When you reach the line containing "The first of", start transcribing exactly and continue through the last line of the data, skipping every picture.

_Collected data entries_.
----------

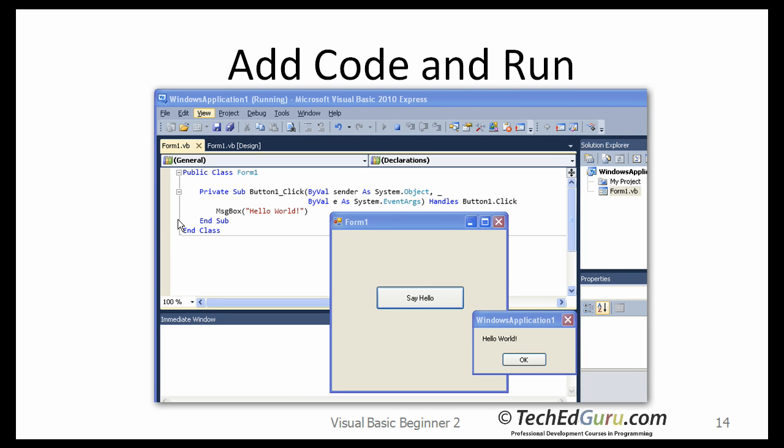Now come back here. When you see the form, go back and click on the Start button again. When you click on the Start button, this time it will actually bring up the form or the window, and now your application is actually running.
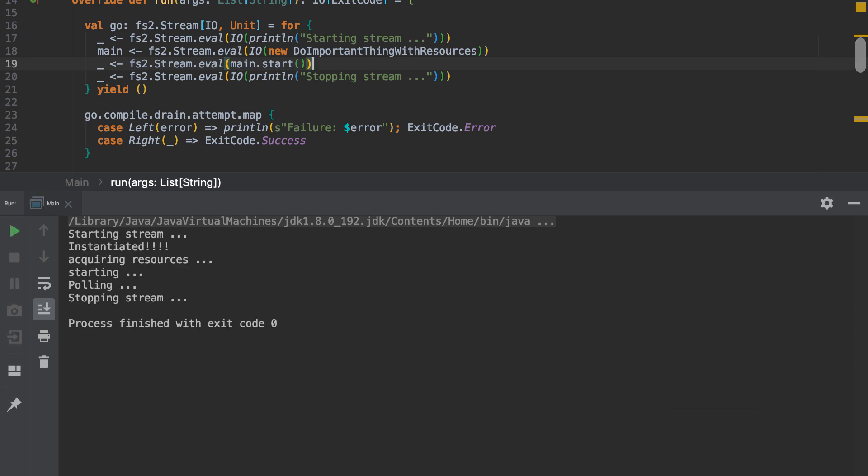So we start the stream, instantiate, acquiring the resource, starting polling, stopping stream. Lovely. What we haven't done, of course, is done the shutdown.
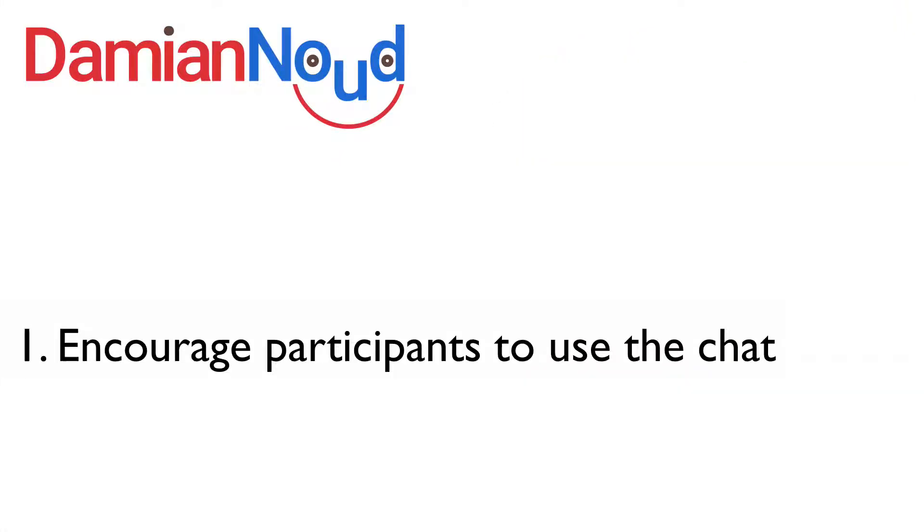The first of the eight best webinar chat strategies is to let your participants know that the chat is where it's at. Seriously, tell them that it's okay to use the chat and encourage them to use the chat. Do that early as soon as you get on the webinar, ideally before the start time. Tell people that you want them to use the chat and encourage them. Create that prompt for people to use the chat.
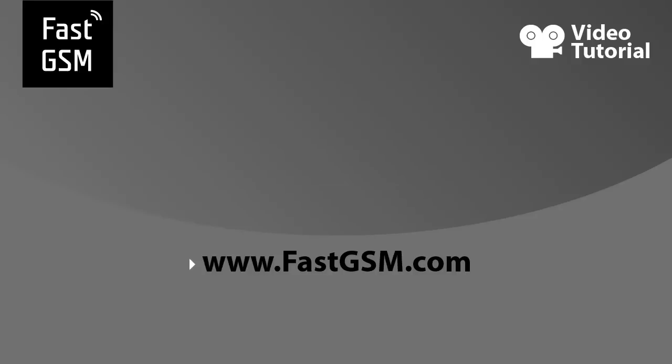For more, please visit fastgsm.com. Thank you.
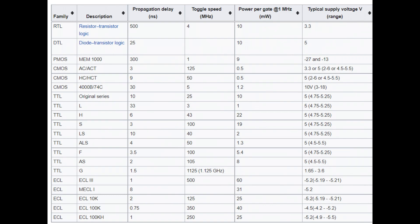The old TTL parts were actually quite fast. There's not much difference in speed between an HC part and an LS part — the big difference is power consumption, which is much lower on HC. Parts keep getting fancier. This is not a comprehensive list; there are actually many more parts than shown here.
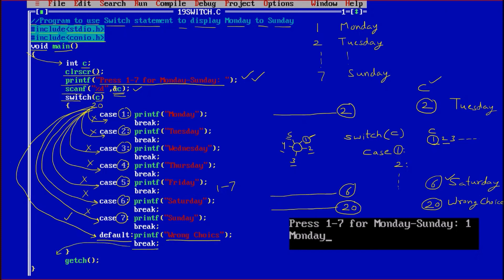The break at the default is optional because it is the last statement and there is nothing after that, so you can apply break or not — that is totally up to you. Then getch for holding the screen and the program comes out afterward. The output of this program: press 1 to 7 for Monday to Sunday — user entered 1 — and the output is Monday. So that is the program to display Monday to Sunday with the help of the switch statement.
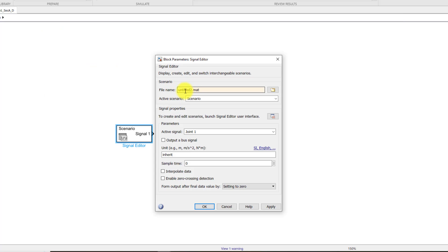So now this is the file name that I have given to this thing, untitled2. So later on whenever you want this signal to be reloaded, you have to give this file over here.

----------

_Answer to this task_.
The first of the eight best webinar chat strategies is to let your participants know that the chat is where it's at. Seriously, tell them that it's okay to use the chat and encourage them to use the chat. Do that early as soon as you get on the webinar, ideally before the start time. Tell people that you want them to use the chat and encourage them. Create that prompt for people to use the chat.
For more, please visit fastgsm.com. Thank you.
The old TTL parts were actually quite fast. There's not much difference in speed between an HC part and an LS part — the big difference is power consumption, which is much lower on HC. Parts keep getting fancier. This is not a comprehensive list; there are actually many more parts than shown here.
The break at the default is optional because it is the last statement and there is nothing after that, so you can apply break or not — that is totally up to you. Then getch for holding the screen and the program comes out afterward. The output of this program: press 1 to 7 for Monday to Sunday — user entered 1 — and the output is Monday. So that is the program to display Monday to Sunday with the help of the switch statement.
So now this is the file name that I have given to this thing, untitled2. So later on whenever you want this signal to be reloaded, you have to give this file over here.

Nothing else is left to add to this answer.